Melvins - Everybody Loves Sausages
There’s no word that would aptly express what the Melvins have done on Everybody Loves Sausages.
You might be tempted to say that the 13 tracks on the new Melvins record have been “adapted,” “interpreted,” “transformed” or even, if you really want to show off that Arts degree, “transmuted.” But the reality is that to say so would be reductive and untrue. There’s no word that would aptly express what the Melvins have done on Everybody Loves Sausages. Each track is less an adaptation and more an ersatz rendering of the original. Dr. Frankenstein burned calories long into the stormy night and pieced together organs and extremities from human beings to create his own not-quite-human. Now the Melvins have done the same in the recording studio. Cobbling together the expansive detritus of their musical sensibilities, they have created entities that are at once familiar and unnervingly and uncannily alien. Everybody Loves Sausages is the post-modern musical Prometheus.
They infuse sinister atmospherics into the saccharine chiptune furnishings of their cover of Queen’s “You’re My Best Friend”. They turn “Black Betty” into a percussive, oddball beer hall sing-along while keeping it mercifully short. Devastatingly underrated Australian band The Scientists are given that low-end they always needed on “Set It On Fire” and the cover of Bowie’s “Station to Station” is glorious. The vocals are eerily similar to Bowie’s, not like an imitation but rather as though the band has rigged a heavily sedated Bowie up to a car battery and are controlling him with electric shocks. Their Roxy Music cover is just plain creepy. Really, really, really, really creepy—the vocals are performed by Jello Biafra, go figure.
“We really like all of these songs along with the bands who actually wrote this stuff because first and foremost we are huge music fans,” explained King Buzzo. This sentiment is palpable on what is their 300th album (unconfirmed.) Buzz and co. have never relinquished their fandom or their sense of humour. This makes their music something that is simultaneously jocular and illuminative, or in other words, unique. Every release is a gob-spit in the face of taking yourself seriously and a celebration of the garage majesty in which the Melvins revel so exceptionally.

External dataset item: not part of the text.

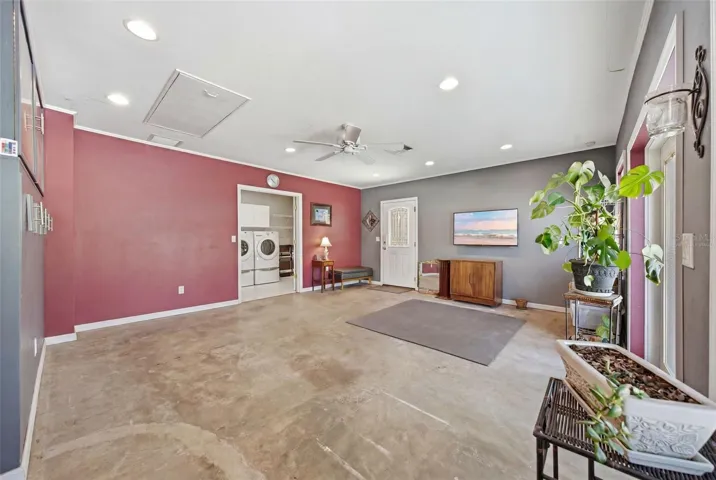 EXTRA LIVING SPACE CONVERTED FROM GARAGE VIRTUALLY STAGED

At worst, cover albums breed animosity by making a crutch of familiarity. At best, they offer insight into the source material that the listener could never have fathomed, reminding us of why we need musicians in the first place. In this case, the Melvins have done us one better. In Please Kill Me: The Uncensored Oral History of Punk, Ron Asheton, when asked about his obsession with Nazism, explained that when his mother used to dry his hair after his evening bath, he could hear a chorus of voices chanting “Sieg heil!” in the gauzy whirring of the blow dryer. On Everybody Loves Sausages, we get to peer through the cosmic keyhole into the minds of Buzz Osborne and Dale Crover and experience the sounds they hear when exposed to the gauzy whirrings of Bowie, The Fugs and Throbbing Gristle. You’d be well-advised to ditch your scruples and partake in the voyeurism.